The seventh cluster on the Fig. 13 is also very informative. The word cloud indicates keywords like brand, customer, product, manufacturers, etc. Also the majority of papers within this cluster contain the JEL code M: Business Administration, Business Economics, Marketing, Accounting, Personnel Economics. Therefore we refer to this cluster as Business Economics and Marketing.

It is worth also noting that the majority of the documents contain C: Mathematical and Quantitative Methods and G: Financial Economics. This is due to the fact that the research center had a focus on Econometrics.

In summary we might claim that the resulting clusters show that AWC detects informative data divisions which correspond to JEL codes.

A similar analysis via k-means and CLUTO is provided in A.1 and A.2 in Appendix. In essence, CLUTO detects clusters only about Quantitative Finance and E: Macroeconomics and Monetary Economics, and k-means additionally finds J: Labor and Demographic Economics. Both methods aggregate all the documents with other JEL codes together in one cluster.

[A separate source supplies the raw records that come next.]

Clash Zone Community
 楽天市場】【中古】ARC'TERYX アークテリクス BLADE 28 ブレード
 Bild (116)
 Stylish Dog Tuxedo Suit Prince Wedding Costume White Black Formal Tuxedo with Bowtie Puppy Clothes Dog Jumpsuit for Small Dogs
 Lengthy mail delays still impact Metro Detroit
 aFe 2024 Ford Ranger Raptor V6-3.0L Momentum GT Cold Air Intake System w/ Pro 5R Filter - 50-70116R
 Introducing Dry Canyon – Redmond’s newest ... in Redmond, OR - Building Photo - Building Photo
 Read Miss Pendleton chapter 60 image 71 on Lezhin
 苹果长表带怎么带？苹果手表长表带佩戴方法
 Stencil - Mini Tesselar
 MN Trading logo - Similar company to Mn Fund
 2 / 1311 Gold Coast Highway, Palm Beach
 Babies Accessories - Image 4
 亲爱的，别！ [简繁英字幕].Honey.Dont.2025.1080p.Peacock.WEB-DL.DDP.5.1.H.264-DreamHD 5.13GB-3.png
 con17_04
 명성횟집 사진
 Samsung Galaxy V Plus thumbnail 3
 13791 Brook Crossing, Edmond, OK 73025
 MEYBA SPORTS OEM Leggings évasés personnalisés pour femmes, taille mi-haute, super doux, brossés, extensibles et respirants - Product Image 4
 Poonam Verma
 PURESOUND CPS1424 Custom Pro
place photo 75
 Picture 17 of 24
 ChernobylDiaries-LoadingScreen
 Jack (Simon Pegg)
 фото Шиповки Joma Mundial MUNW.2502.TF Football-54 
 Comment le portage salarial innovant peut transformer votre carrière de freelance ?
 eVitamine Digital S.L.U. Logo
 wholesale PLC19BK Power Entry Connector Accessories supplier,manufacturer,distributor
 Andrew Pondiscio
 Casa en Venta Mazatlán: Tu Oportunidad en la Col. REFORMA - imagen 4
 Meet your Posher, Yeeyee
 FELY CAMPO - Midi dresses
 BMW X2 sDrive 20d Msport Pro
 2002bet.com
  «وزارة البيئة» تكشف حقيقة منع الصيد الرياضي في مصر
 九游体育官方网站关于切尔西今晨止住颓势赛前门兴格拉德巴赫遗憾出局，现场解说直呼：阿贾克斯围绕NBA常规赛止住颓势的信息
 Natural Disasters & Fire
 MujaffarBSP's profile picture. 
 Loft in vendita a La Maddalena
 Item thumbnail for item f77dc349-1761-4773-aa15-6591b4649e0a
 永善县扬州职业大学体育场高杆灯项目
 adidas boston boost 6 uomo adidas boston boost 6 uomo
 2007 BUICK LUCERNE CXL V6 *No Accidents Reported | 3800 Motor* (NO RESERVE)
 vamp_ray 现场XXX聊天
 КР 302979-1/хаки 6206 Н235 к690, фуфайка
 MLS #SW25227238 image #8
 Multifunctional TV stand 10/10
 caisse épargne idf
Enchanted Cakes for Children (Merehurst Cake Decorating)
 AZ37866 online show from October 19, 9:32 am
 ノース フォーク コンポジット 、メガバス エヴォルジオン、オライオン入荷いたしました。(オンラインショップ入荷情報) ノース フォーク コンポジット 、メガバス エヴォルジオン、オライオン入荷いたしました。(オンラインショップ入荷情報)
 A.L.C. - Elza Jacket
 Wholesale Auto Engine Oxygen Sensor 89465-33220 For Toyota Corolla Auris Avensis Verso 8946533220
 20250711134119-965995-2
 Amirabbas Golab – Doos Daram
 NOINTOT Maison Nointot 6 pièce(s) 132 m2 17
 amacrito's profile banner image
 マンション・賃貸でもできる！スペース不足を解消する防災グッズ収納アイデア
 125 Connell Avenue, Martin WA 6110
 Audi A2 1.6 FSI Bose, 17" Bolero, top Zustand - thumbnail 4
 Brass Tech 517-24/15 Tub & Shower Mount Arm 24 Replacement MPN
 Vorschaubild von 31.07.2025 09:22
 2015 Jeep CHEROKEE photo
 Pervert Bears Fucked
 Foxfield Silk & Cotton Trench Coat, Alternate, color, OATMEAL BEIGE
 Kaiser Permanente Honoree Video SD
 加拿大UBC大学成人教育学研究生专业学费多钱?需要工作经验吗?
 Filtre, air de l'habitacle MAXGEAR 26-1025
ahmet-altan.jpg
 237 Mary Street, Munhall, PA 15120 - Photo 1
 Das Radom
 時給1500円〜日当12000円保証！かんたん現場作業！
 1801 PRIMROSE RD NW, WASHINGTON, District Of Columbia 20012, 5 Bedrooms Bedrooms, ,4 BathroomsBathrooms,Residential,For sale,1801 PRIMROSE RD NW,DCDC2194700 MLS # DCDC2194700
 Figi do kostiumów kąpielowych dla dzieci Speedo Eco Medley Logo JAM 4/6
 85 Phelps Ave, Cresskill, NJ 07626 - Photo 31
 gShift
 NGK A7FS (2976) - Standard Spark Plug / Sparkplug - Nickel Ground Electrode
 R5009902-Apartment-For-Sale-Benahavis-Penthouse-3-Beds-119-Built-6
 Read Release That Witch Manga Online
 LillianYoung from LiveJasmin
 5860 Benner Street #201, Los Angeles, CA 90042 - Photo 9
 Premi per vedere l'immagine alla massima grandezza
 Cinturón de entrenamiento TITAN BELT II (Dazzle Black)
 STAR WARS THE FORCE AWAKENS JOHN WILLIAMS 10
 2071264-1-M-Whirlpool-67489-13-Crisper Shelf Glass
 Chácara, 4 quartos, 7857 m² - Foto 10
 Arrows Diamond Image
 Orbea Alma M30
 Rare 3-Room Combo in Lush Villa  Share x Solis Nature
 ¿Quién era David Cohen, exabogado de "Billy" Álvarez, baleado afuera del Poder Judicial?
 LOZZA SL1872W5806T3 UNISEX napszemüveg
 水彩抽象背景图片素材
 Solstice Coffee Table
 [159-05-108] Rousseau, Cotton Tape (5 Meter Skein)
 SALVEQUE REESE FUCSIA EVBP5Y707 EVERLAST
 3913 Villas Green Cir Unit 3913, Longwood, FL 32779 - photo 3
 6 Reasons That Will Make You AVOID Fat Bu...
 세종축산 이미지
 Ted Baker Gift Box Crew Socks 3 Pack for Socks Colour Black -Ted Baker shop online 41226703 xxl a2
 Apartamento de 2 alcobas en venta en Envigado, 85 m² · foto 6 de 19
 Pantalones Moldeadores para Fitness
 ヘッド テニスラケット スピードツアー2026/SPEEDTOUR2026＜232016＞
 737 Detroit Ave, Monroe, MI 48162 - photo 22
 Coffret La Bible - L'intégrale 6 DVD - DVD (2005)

This indicates that both methods cannot provide the necessary granularity for identification of e.g. the JEL code groups. On the contrary, AWC provides an interpretable cluster structure and leads to machine learned identification of the papers’ research directions.

6 Conclusion

The JEL classification system is a fast way to retrieve research papers in economics. Based on the CRC649 research center database we present an innovative clustering. It is fully automatic, adaptive and leads to interpretable JEL clusters. The basic idea is based on locally weighting each document or abstract in terms of its cluster membership. The numerical implementation of AWC in Python is available at http://www.quantlet.de/. Simulation studies and empirical performance reveal an excellent performance of this clustering technique. We show that by clustering paper abstracts with AWC it is possible to automatically identify papers research directions and activity of economic research on certain topics.